EXERCISE MATERIAL:
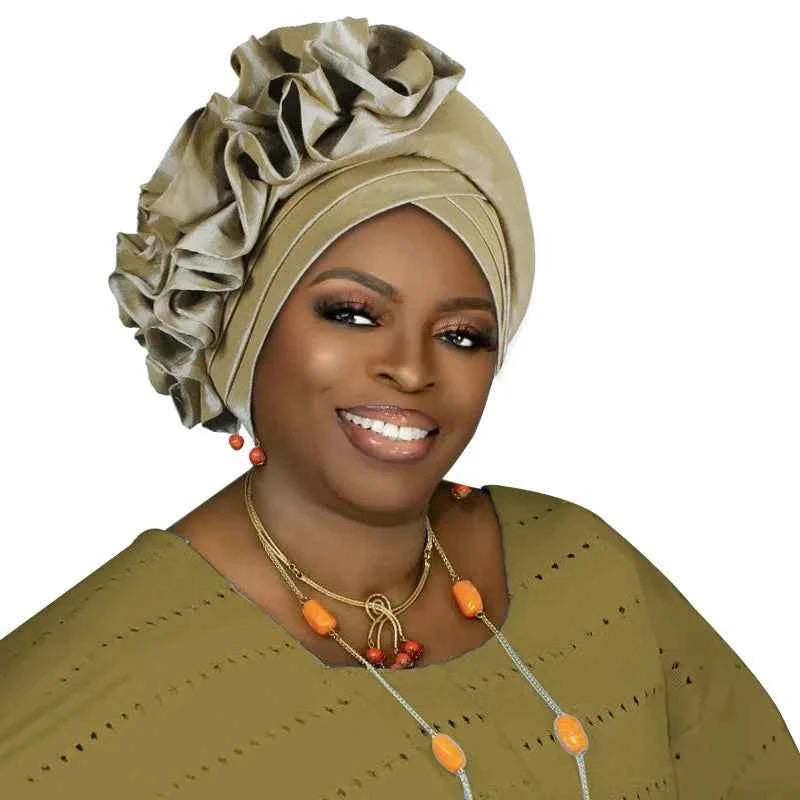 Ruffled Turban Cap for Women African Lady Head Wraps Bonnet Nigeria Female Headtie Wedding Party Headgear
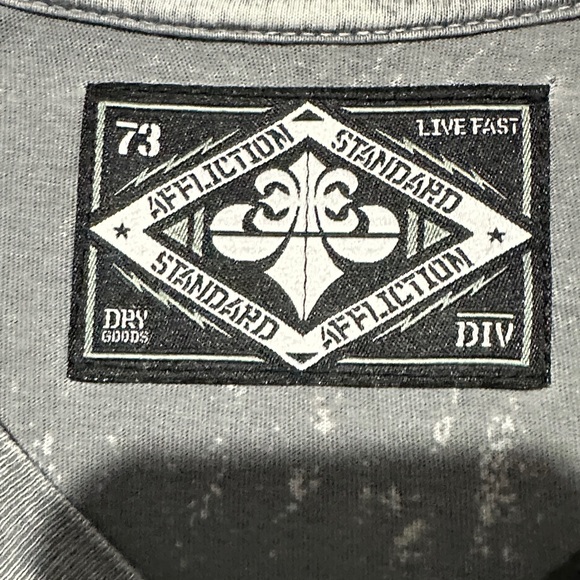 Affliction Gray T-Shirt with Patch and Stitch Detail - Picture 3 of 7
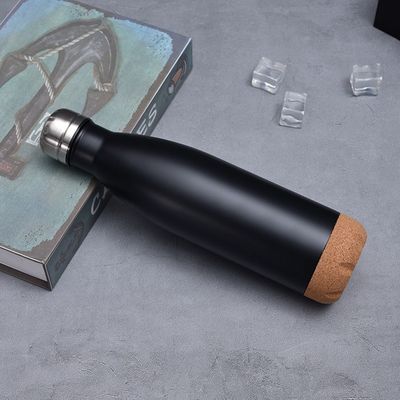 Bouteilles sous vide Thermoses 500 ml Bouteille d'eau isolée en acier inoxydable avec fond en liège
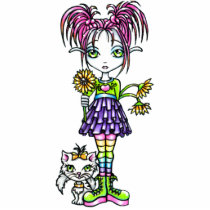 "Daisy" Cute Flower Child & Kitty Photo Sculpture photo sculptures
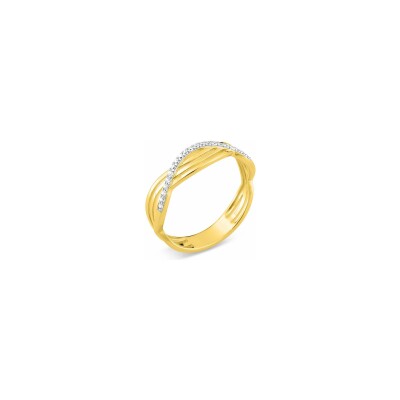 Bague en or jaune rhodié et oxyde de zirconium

==

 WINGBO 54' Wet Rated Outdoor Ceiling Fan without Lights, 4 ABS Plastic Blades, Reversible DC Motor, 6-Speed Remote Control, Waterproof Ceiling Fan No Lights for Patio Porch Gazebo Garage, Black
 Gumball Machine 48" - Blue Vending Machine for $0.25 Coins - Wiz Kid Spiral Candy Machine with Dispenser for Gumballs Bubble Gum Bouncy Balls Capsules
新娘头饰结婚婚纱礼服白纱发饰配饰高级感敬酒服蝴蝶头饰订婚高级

EXERCISE PROMPT: The lines above from the line with "Sculpture photo sculptures" through the line with "Bague en or" are to be given again word for word, with no pictures among them.

RESPONSE FOR THIS EXERCISE:
 "Daisy" Cute Flower Child & Kitty Photo Sculpture photo sculptures
 Bague en or jaune rhodié et oxyde de zirconium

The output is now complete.